The Gorham Town Council approved a measure Tuesday in a special meeting authorizing Portland Water District to buy property for the sewer line extension along Mosher Road.
The council voted in favor of it unanimously, with councilor Matt Robinson absent.
The sewer line from Little Falls along Mosher Road and into Westbrook would replace an antiquated sewerage treatment plant that serves both Little Falls and South Windham. Michelle Clements, a spokewoman for the water district, said the project required a land acquisition near the Little River for a pumping station.
Clements said the site now being eyed is for sale by the Allocca family. “Most likely the property would be resold after a station was built and we would retain an easement,” she said.
The site for the pumping station is one of three that was under consideration. The canoe launch on Mosher Road apparently was also a possible site. Richard Curtis, president of the Gorham-Sebago Lake Regional Land Trust, said Monday that the land trust had discussed with the water district the possibility of placing the pumping station at the canoe launch site.
“There never was a consideration of displacing the canoe launch. The plan was that both could easily fit on the property,” Curtis said in an e-mail response.

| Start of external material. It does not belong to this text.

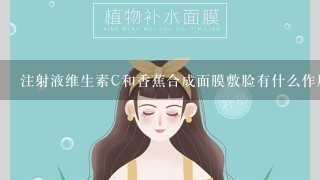 注射液维生素C和香蕉合成面膜敷脸有什么作用？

Curtis said the water district had changed its plans, deciding to locate the pumping station on another site.
“We’re talking a quarter of a million here,” Town Councilor Burleigh Loveitt said Tuesday about the acquisition.

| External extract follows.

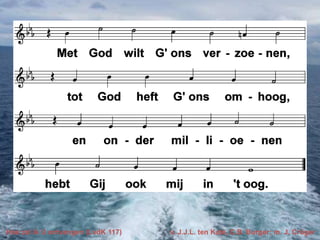 Hoe zal ik U ontvangen (LvdK 117)

v. J.J.L. ten Kate, C.B. Burger; m. J. Crüger

 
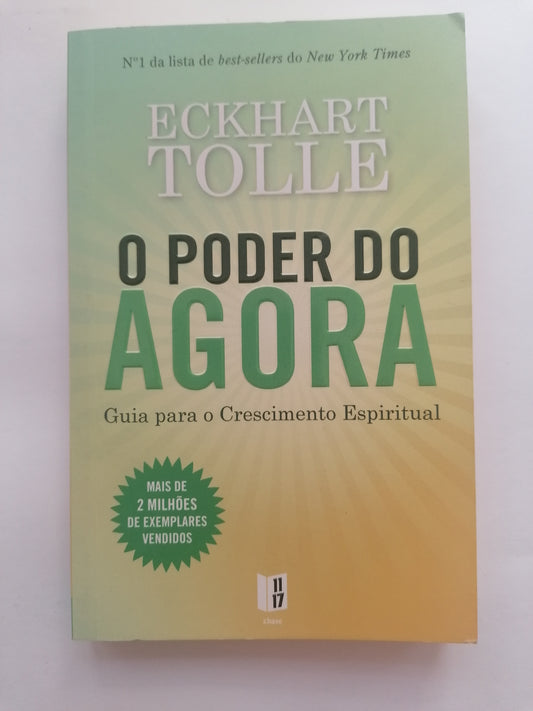 O Poder do Agora - Eckhart Tolle | Mindfulness, Presença e Consciência Plena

Loveitt said the Gorham-Sebago Land Trust wasn’t interested in having the pumping station at its site. Loveitt felt the land trust was uncooperative, which he found “galling.”
Loveitt said use of land trust property for a pumping station wouldn’t destroy it for other use. The Little River is a tributary of the Presumpscot River, which would be cleaner with a sewer line eliminating discharge from treatment plants at Little Falls and the state prison in Windham.
“I can’t understand the reluctance,” Loveitt said about the land trust.
David Cole, Gorham town manager, said the land trust was “less” than enthusiastic but wasn’t “totally uncooperative” about use of its site. “A private land owner is a willing seller,” Cole said.
Cole said the water district would go out to bid for the sewer line project in September and could award a bid to a contractor in October. The deal would need final approval from Gorham and Windham town councils, which earlier this year approved the engineering study.